## SUPPLIED MATERIAL

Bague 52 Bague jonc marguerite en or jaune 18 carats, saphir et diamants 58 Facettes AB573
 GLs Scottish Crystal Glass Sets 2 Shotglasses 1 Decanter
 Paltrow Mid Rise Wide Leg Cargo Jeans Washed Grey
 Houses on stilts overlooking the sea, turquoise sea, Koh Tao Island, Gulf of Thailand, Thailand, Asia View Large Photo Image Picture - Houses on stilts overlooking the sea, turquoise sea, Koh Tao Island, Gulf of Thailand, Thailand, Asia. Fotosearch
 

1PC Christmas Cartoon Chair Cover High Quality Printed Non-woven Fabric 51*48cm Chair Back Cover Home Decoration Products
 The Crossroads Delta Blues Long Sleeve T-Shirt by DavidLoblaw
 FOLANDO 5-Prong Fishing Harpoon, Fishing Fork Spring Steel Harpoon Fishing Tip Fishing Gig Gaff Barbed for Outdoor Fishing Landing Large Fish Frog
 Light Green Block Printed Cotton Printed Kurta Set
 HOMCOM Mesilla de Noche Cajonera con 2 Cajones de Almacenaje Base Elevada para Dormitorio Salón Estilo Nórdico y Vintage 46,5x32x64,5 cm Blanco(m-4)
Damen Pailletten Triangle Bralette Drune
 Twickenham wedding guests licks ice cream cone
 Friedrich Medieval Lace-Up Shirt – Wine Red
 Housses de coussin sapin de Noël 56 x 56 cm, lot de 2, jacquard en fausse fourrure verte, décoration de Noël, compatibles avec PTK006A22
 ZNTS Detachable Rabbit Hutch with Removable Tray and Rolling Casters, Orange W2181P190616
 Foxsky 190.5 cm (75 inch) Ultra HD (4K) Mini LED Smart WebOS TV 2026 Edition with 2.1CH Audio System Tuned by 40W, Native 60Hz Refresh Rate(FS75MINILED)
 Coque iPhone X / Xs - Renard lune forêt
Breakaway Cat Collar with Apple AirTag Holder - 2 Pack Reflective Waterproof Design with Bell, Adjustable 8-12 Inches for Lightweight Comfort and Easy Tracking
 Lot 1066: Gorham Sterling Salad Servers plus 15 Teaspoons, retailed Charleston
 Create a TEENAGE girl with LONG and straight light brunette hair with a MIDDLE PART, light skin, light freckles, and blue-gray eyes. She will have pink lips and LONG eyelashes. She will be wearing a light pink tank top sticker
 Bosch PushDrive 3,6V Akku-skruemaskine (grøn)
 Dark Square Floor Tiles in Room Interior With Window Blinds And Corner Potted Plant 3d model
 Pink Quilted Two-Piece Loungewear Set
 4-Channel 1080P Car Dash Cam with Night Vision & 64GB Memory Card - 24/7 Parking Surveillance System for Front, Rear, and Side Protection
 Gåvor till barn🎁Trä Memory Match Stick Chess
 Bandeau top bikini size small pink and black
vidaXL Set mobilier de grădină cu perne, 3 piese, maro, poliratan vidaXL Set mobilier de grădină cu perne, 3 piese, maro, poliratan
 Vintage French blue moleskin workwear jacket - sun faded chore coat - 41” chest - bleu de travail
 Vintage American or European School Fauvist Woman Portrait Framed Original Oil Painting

## YOUR TASK
Repeat every record, exactly as written.

## RESPONSE AREA
Bague 52 Bague jonc marguerite en or jaune 18 carats, saphir et diamants 58 Facettes AB573
 GLs Scottish Crystal Glass Sets 2 Shotglasses 1 Decanter
 Paltrow Mid Rise Wide Leg Cargo Jeans Washed Grey
 Houses on stilts overlooking the sea, turquoise sea, Koh Tao Island, Gulf of Thailand, Thailand, Asia View Large Photo Image Picture - Houses on stilts overlooking the sea, turquoise sea, Koh Tao Island, Gulf of Thailand, Thailand, Asia. Fotosearch
 

1PC Christmas Cartoon Chair Cover High Quality Printed Non-woven Fabric 51*48cm Chair Back Cover Home Decoration Products
 The Crossroads Delta Blues Long Sleeve T-Shirt by DavidLoblaw
 FOLANDO 5-Prong Fishing Harpoon, Fishing Fork Spring Steel Harpoon Fishing Tip Fishing Gig Gaff Barbed for Outdoor Fishing Landing Large Fish Frog
 Light Green Block Printed Cotton Printed Kurta Set
 HOMCOM Mesilla de Noche Cajonera con 2 Cajones de Almacenaje Base Elevada para Dormitorio Salón Estilo Nórdico y Vintage 46,5x32x64,5 cm Blanco(m-4)
Damen Pailletten Triangle Bralette Drune
 Twickenham wedding guests licks ice cream cone
 Friedrich Medieval Lace-Up Shirt – Wine Red
 Housses de coussin sapin de Noël 56 x 56 cm, lot de 2, jacquard en fausse fourrure verte, décoration de Noël, compatibles avec PTK006A22
 ZNTS Detachable Rabbit Hutch with Removable Tray and Rolling Casters, Orange W2181P190616
 Foxsky 190.5 cm (75 inch) Ultra HD (4K) Mini LED Smart WebOS TV 2026 Edition with 2.1CH Audio System Tuned by 40W, Native 60Hz Refresh Rate(FS75MINILED)
 Coque iPhone X / Xs - Renard lune forêt
Breakaway Cat Collar with Apple AirTag Holder - 2 Pack Reflective Waterproof Design with Bell, Adjustable 8-12 Inches for Lightweight Comfort and Easy Tracking
 Lot 1066: Gorham Sterling Salad Servers plus 15 Teaspoons, retailed Charleston
 Create a TEENAGE girl with LONG and straight light brunette hair with a MIDDLE PART, light skin, light freckles, and blue-gray eyes. She will have pink lips and LONG eyelashes. She will be wearing a light pink tank top sticker
 Bosch PushDrive 3,6V Akku-skruemaskine (grøn)
 Dark Square Floor Tiles in Room Interior With Window Blinds And Corner Potted Plant 3d model
 Pink Quilted Two-Piece Loungewear Set
 4-Channel 1080P Car Dash Cam with Night Vision & 64GB Memory Card - 24/7 Parking Surveillance System for Front, Rear, and Side Protection
 Gåvor till barn🎁Trä Memory Match Stick Chess
 Bandeau top bikini size small pink and black
vidaXL Set mobilier de grădină cu perne, 3 piese, maro, poliratan vidaXL Set mobilier de grădină cu perne, 3 piese, maro, poliratan
 Vintage French blue moleskin workwear jacket - sun faded chore coat - 41” chest - bleu de travail
 Vintage American or European School Fauvist Woman Portrait Framed Original Oil Painting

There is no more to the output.